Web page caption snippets
***
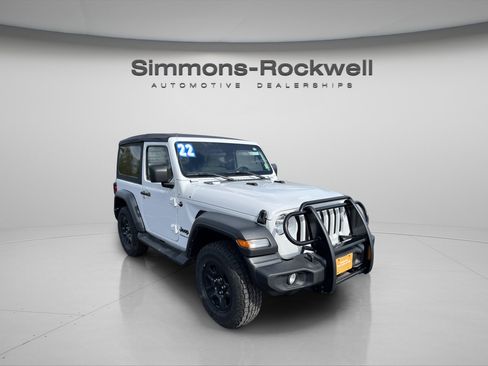 Used 2022 Jeep Wrangler Sport AWD/4WD image 3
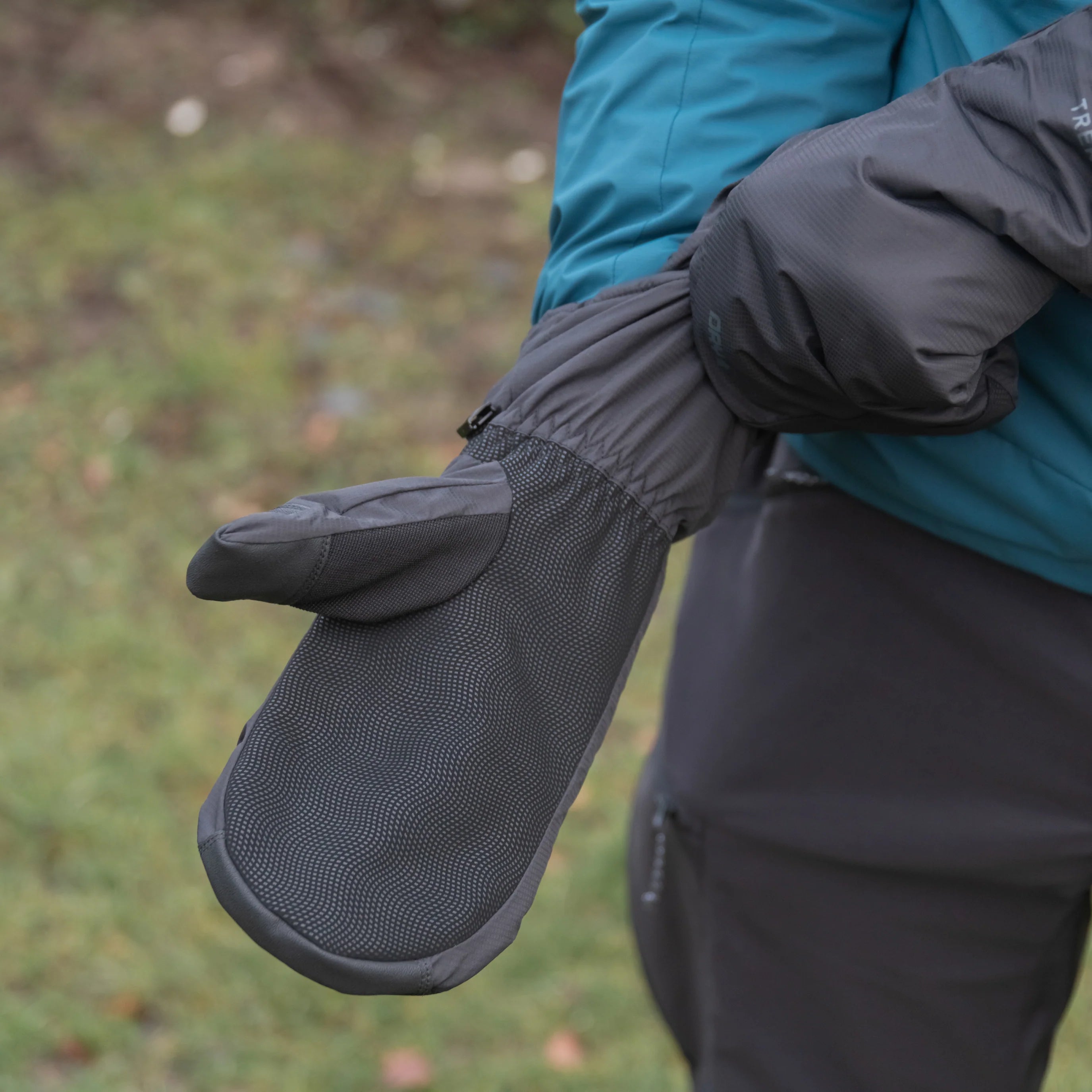 Trekmates Unisex Classic DRY Waterproof Insulated Mitt (Black)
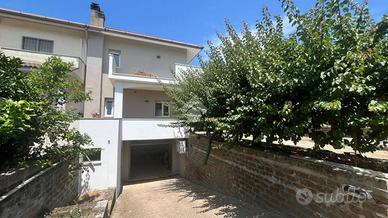 PORZIONE DI QUADRIFAMILIARE A LADISPOLI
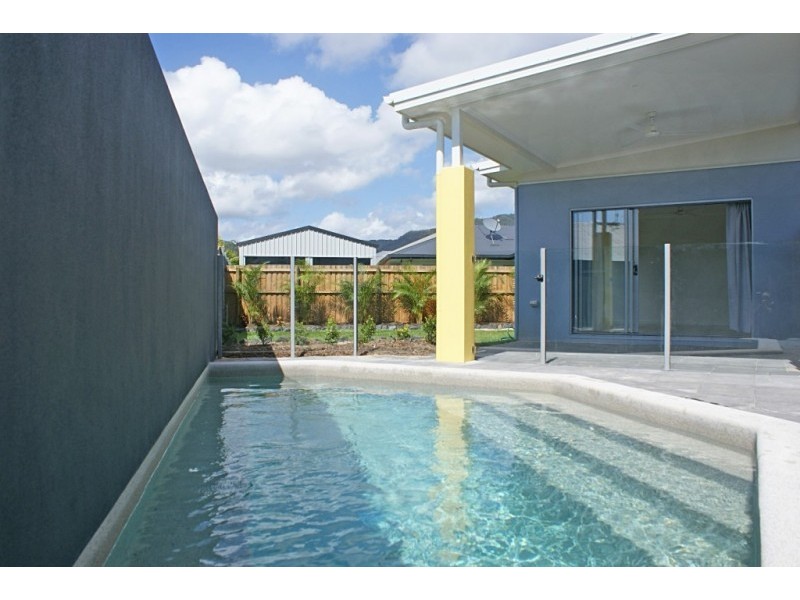 1/12 Pacific Place, Trinity Park QLD 4879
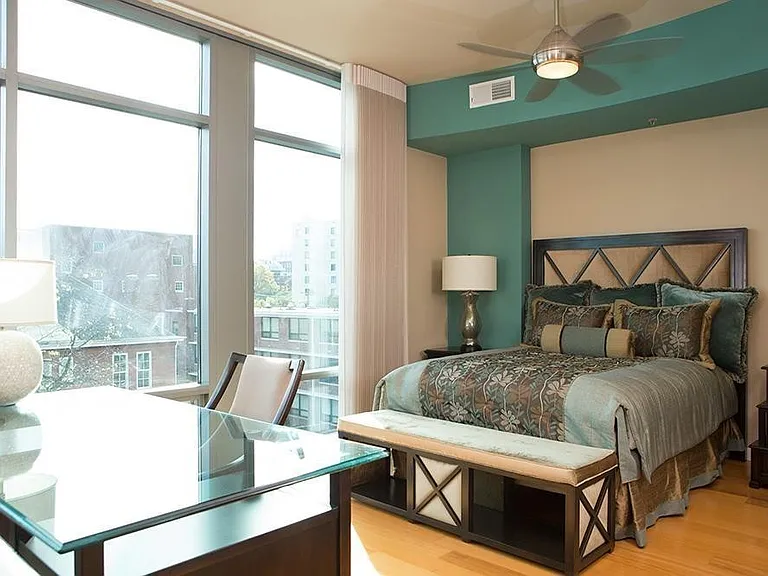 1920 Adelicia St #404 — Photo 5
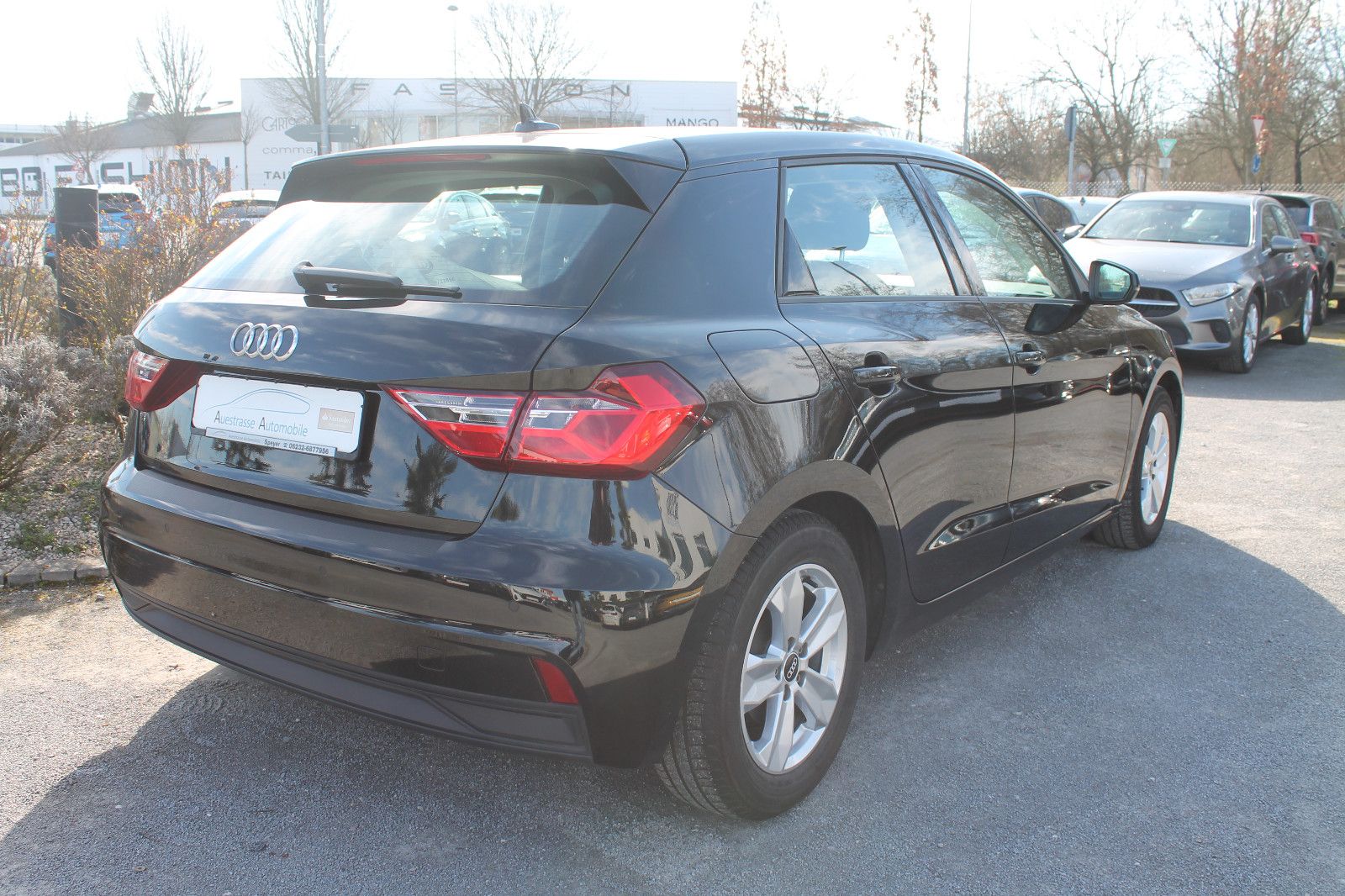 Audi A1 Sportback - Samsaru's Car Outlet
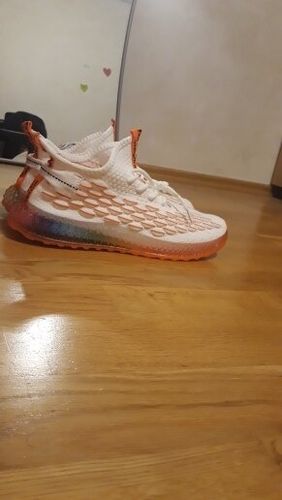 Customer photo review of Rogerin Weiss II Sneakers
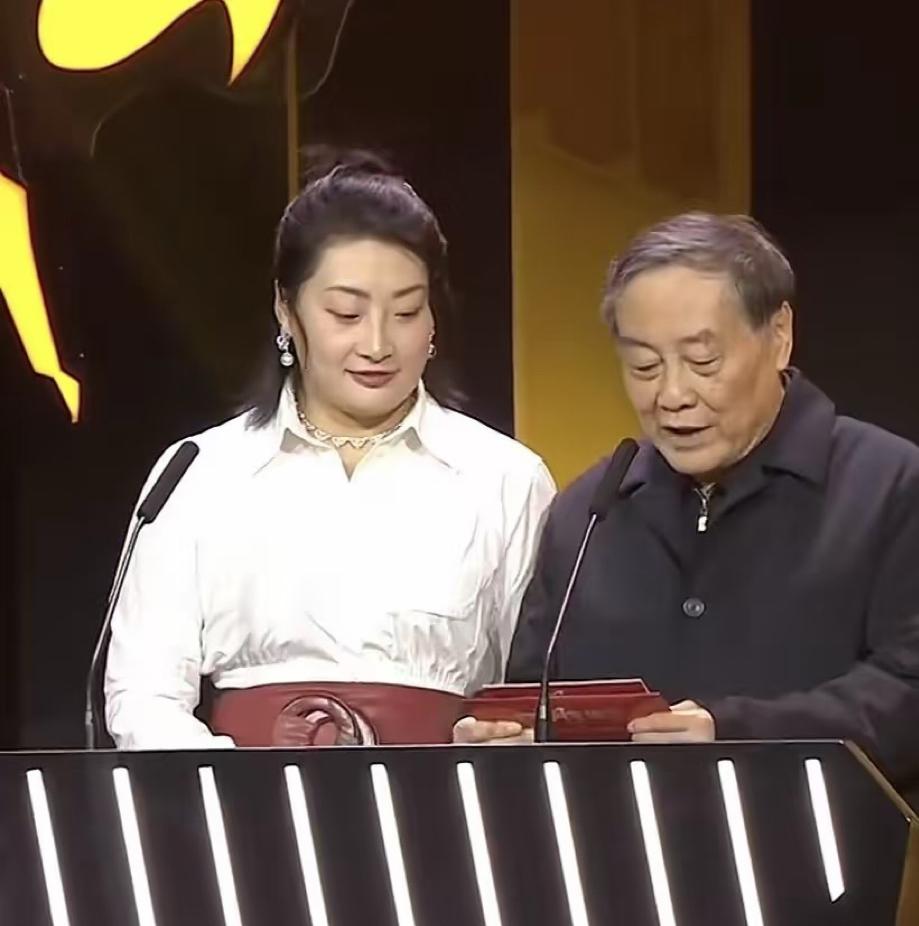 刚刚查了下不查不知道原来宗馥莉接班从不是靠父亲偏爱！谁能想到，娃哈哈千金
***
_Task statement:_
Print exactly, and print only, the lines from the line with "Customer photo review" through the last line of the entries, both ends included. No pictures belong in the result.

_Problem solution:_
 Customer photo review of Rogerin Weiss II Sneakers
 刚刚查了下不查不知道原来宗馥莉接班从不是靠父亲偏爱！谁能想到，娃哈哈千金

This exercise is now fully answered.